The opening scene between Martin and wife Stevie (Laura Turnbull) is a marvelously clever setup with a humorous and subtle tipoff about the homewrecking to come. They're the outwardly perfect couple who have everything in life, including a well-adjusted, homosexual 17-year-old son.

It's best friend Ross (Stephen S. Neal) who senses something truly amiss and prods Martin to talk about his problem. Martin confesses, haltingly, that he's cheating on his wife with a goat named Sylvia. In fact, he's fallen in love with the critter. Ross, aghast, spills the secret.
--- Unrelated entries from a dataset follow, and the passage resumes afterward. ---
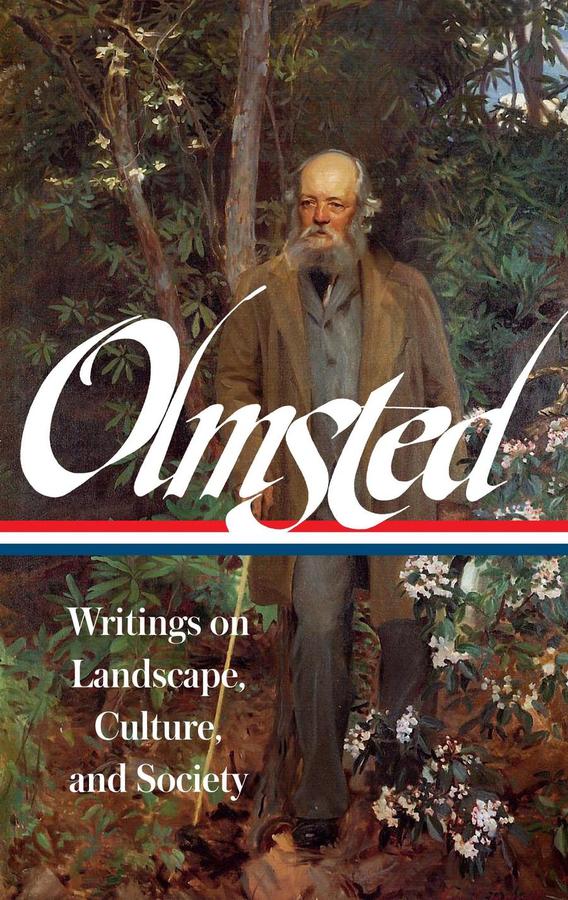 Frederick Law Olmsted: Writings on Landscape, Culture, and Society (LOA #270)-History and Archaeology-買書書 BuyBookBook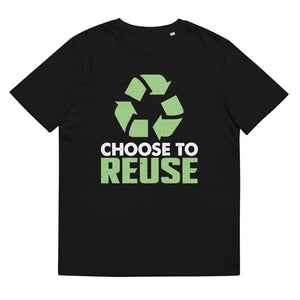 5_193 - Choose to reuse - Unisex organic cotton t-shirt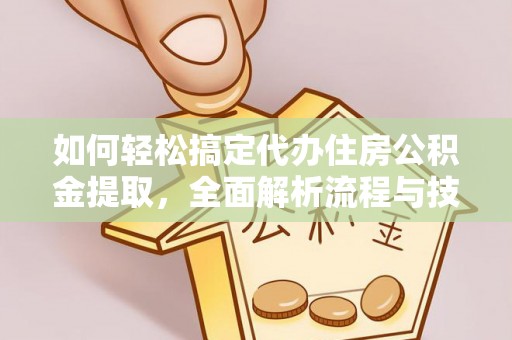 洛阳如何轻松搞定代办住房公积金提取，全面解析流程与技巧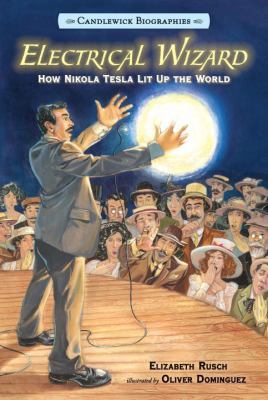 Electrical wizard : how Nikola Tesla lit up the world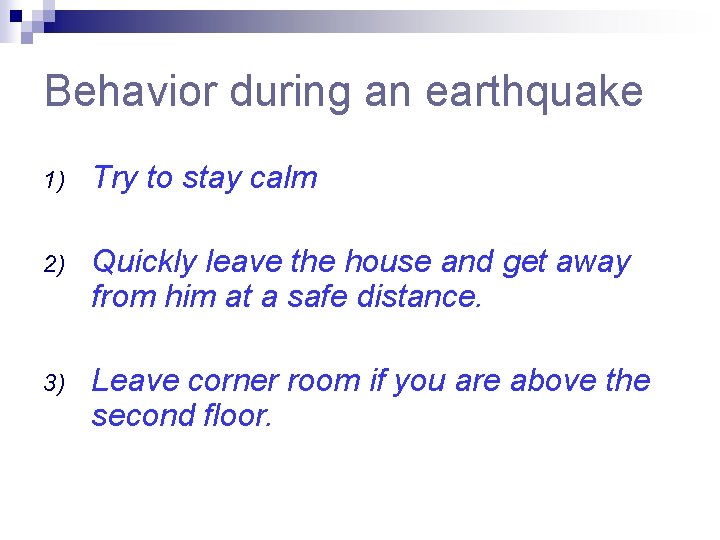 Behavior during an earthquake 1) Try to stay calm 2) Quickly leave the house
Albee, of course, has taken the standard midlife crisis theme and pushed it beyond the pale. Both husband and wife realize this and voice it at various times during the play. This is a wrong that cannot be righted, a blight on their relationship leaving her bitter and estranged, him in total isolation. The laughter that speckles the early scenes becomes more and more nervous as the tragedy grinds toward a gory inevitability.

Turnbull, nominated for three Carbonell acting awards for her work last season, gives a fourth award-caliber performance as the wife shaken to the core. Anger, disgust, hurt and incomprehension swirl in a striking performance that never becomes shrill.

Neal also is appealing in the give-and-take with Rogerson both during the initial revelation and in a later confrontation involving Martin's son, Billy (Ryan Capiro) -- no relation to the goat except as a pun.

Rich Simone's keystone design of the couple's apartment is an elegant reflection of the architect's stature and class, complemented by Daniela Schwimmer's costuming, Jeff Quinn's lighting and Michael J. Hoffman's sound design. When all is over, the swank surroundings are stark contrast to the wrecked lives within them.